An interesting comment, that appeared in the recent edition of The Plough, on the present state of the Irish economy, north and south of the border.

As the economies of the two artificially separated parts of the island of Ireland both limp from one crisis to another it would appear, certainly from media reports, that all sympathy is aimed in the direction of the employers and business. There is little mention of the people who really suffer when capitalism finds itself in trouble, the working class. This should come as no major surprise as it is the capitalist class, the wealth accumulators, and not the wealth creating working class, who own and run society for their own benefit. Governments, Irish, British and those who sit in that farcical Northern Assembly who call themselves a government but lack full governmental powers, are there to govern the affairs of and in the interests of the capitalist class. On a recent UTV news report the regional newscaster was almost in tears as she was informing the viewers, some of whom had probably lost their jobs, how hard the ‘economic slowdown' would be for business and how bad businesses would be hit, how profits would suffer, etc. Needless to say there was very little words of sympathy for the working class many of whom stand to lose their employment, not chiefly because of any bad government decision or policy, ( after all they only do what their capitalist masters require them to do,) but because of working in an unstable, unreliable and uncaring system.
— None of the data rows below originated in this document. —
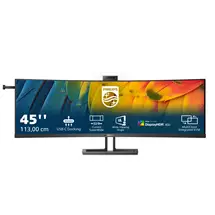 UltraWide Dual Quad HD | Philips 6000 series 45B1U6900CH/75 computer monitor 113 cm (44.5")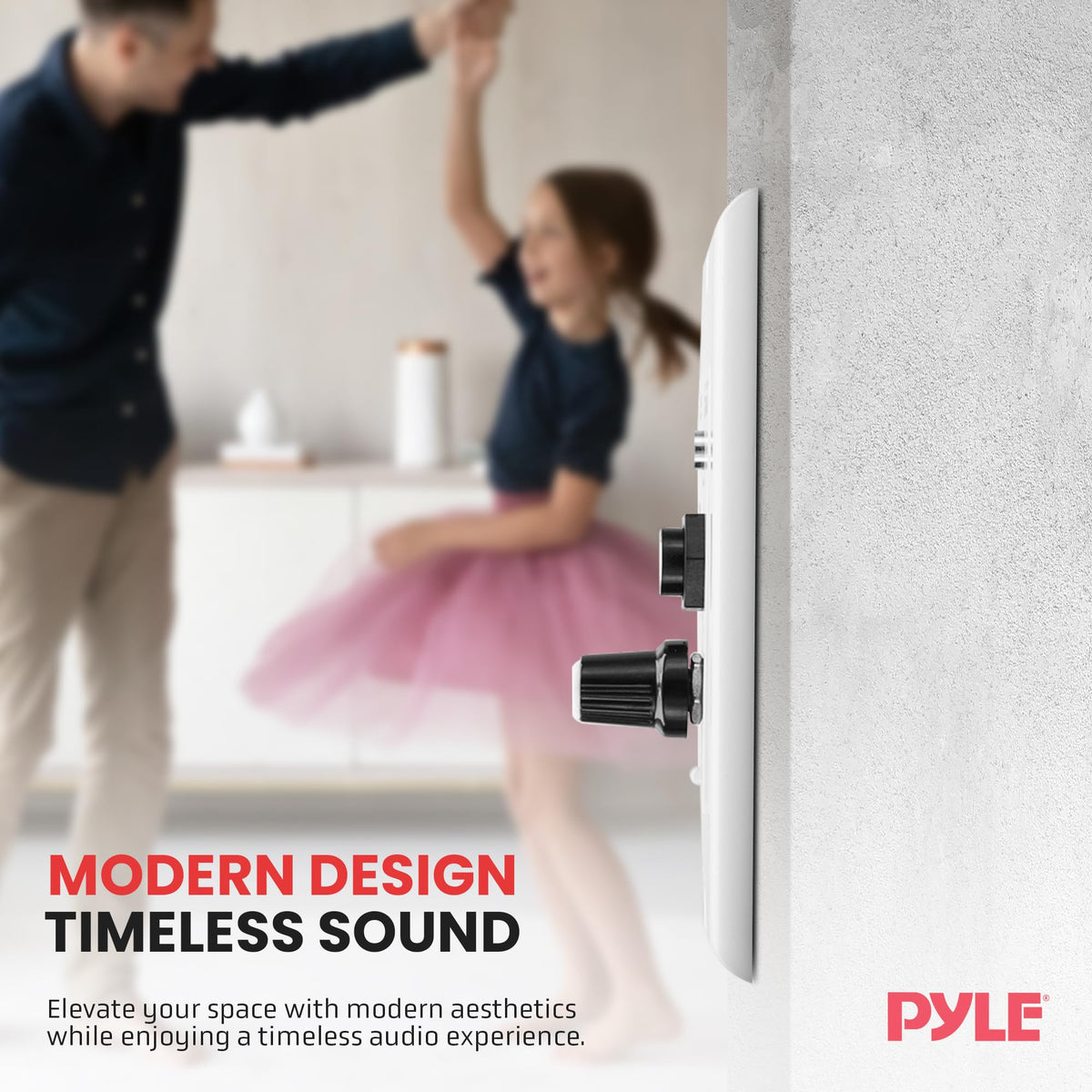 Pyle Wireless BT Receiver Wall Mount - Pyle Official Imagery - 7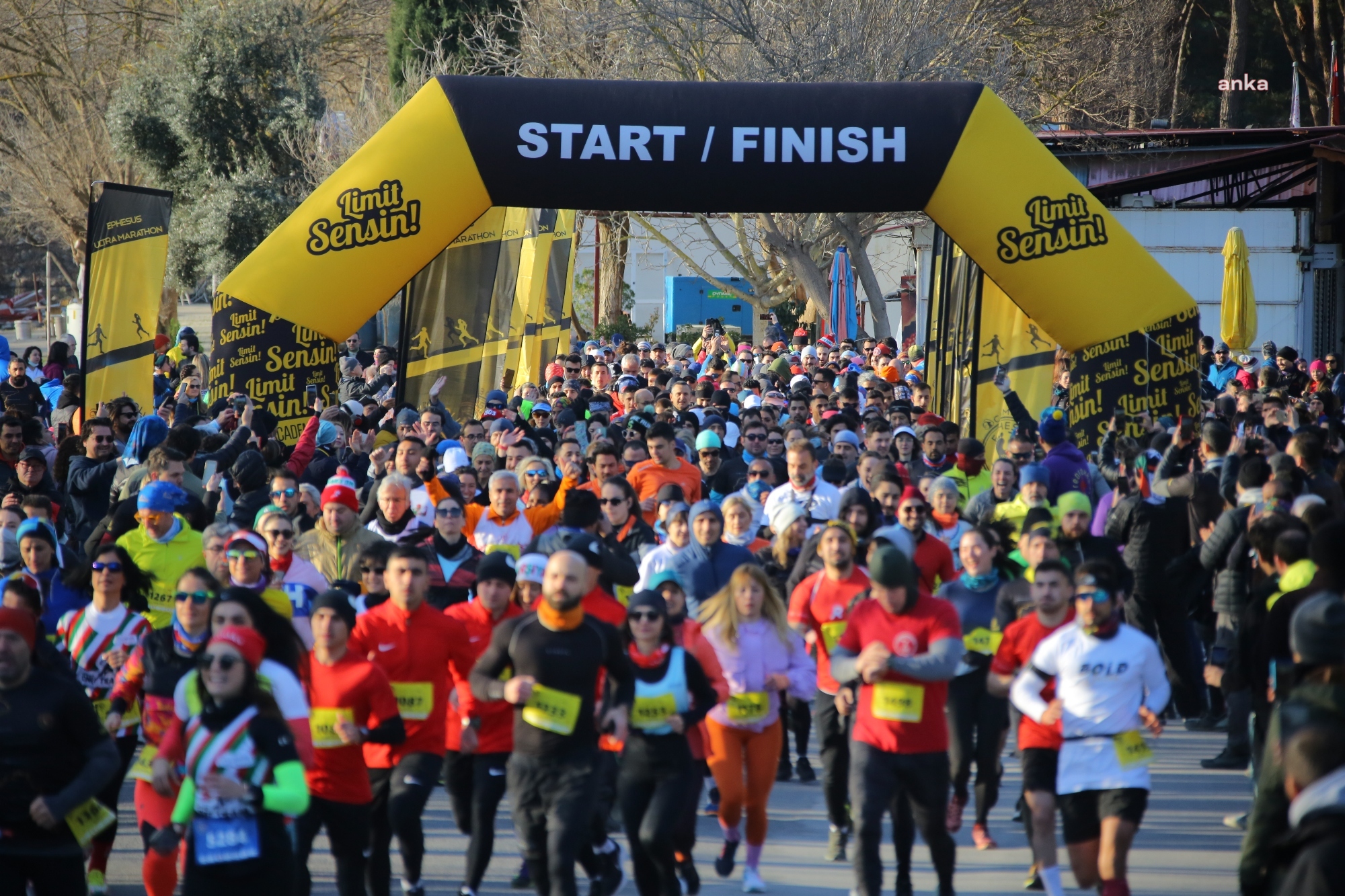 EFES ULTRA MARATON, 18- 19 MART’TA EFES SELÇUK’TA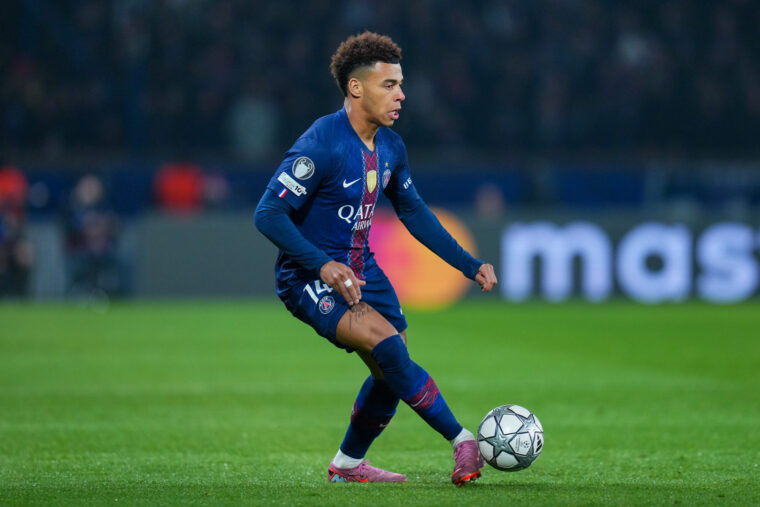 Doué Brace Inspires PSG… Doué Brace Inspires PSG…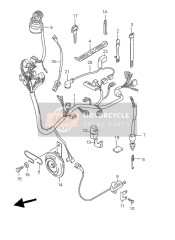 3784114D00, Protector, Suzuki, 2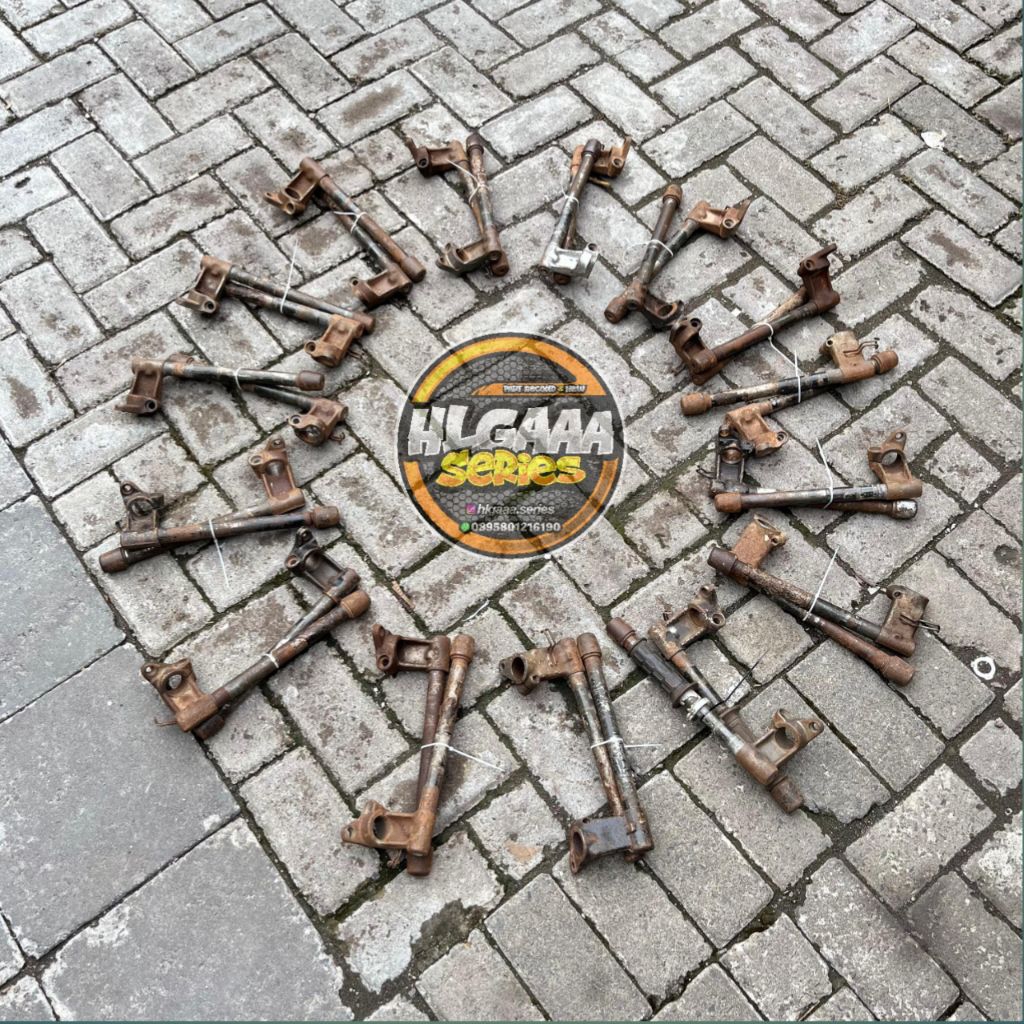 STANG JRS ORIGINAL THAILAND AS 31 & 33 STIR JRS ORIGINAL COPOTAN THAILAND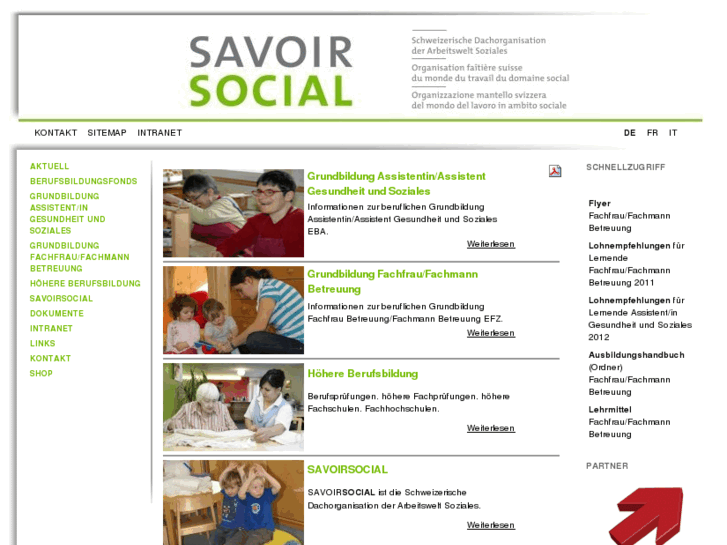 www.savoirsocial.ch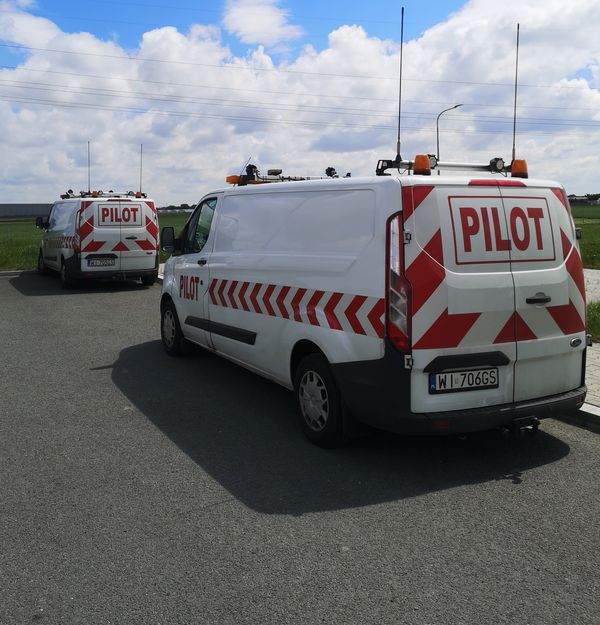 obsługa pilotażowa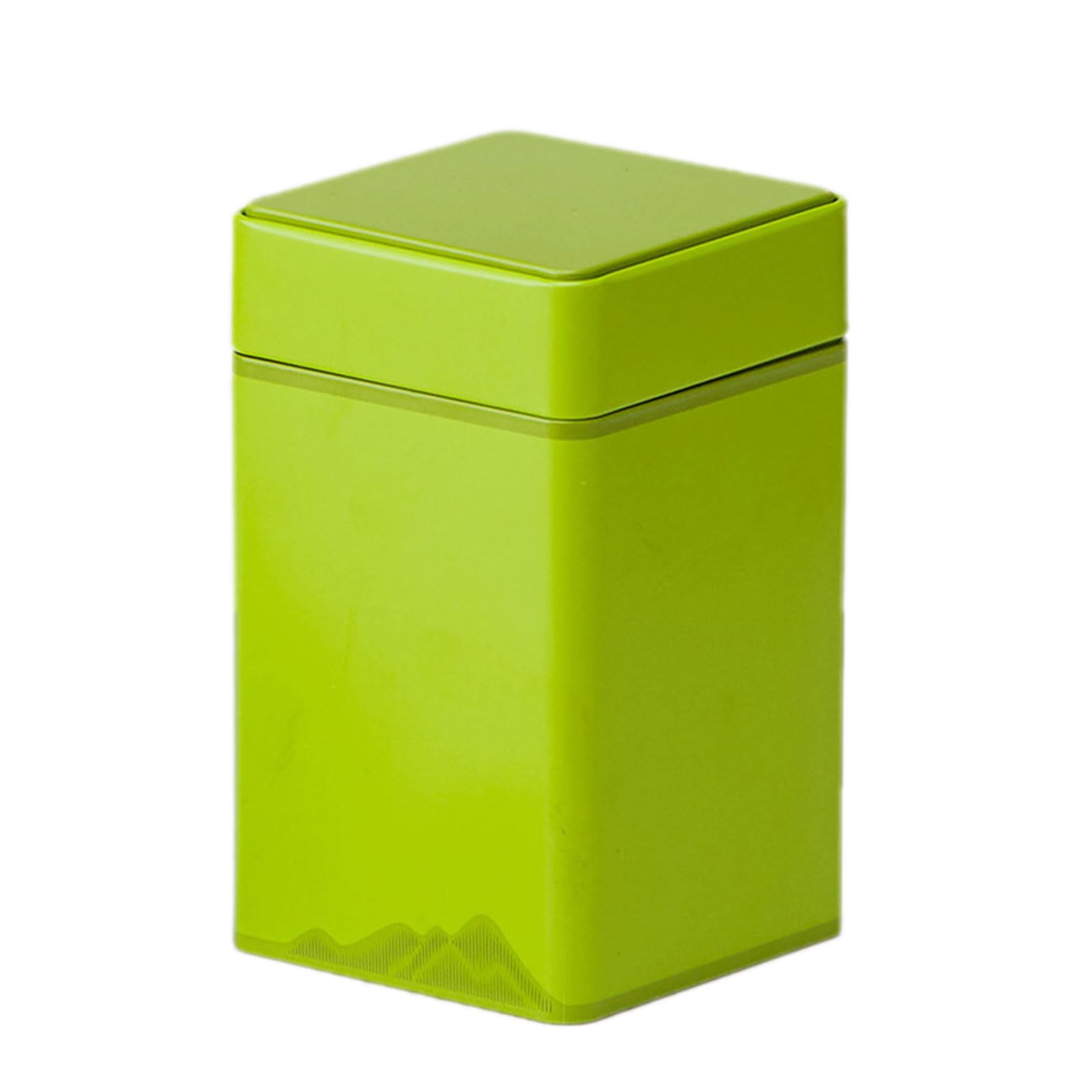 MHADBKH Favor Boxes Empty Tins Box Containers Decorative Short/Tall Candy Loose Tea Storage Organizers Gift Tinplate Bottle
Capitalism is a system geared solely to allowing the minority capitalist class to amass huge profits on the backs of the majority working class. It is true that in these post-modern times some working class people don't see themselves as working class and for these people a reality check is probably about to ensue. Working class (proletariat) people are only permitted to make a living and improve their living standards on the strict proviso that the capitalists are to amass huge profits out of the labour power of these same workers. If it is not profitable it does not get produced irrespective as to how much society as a whole needs the product, no production no labour required.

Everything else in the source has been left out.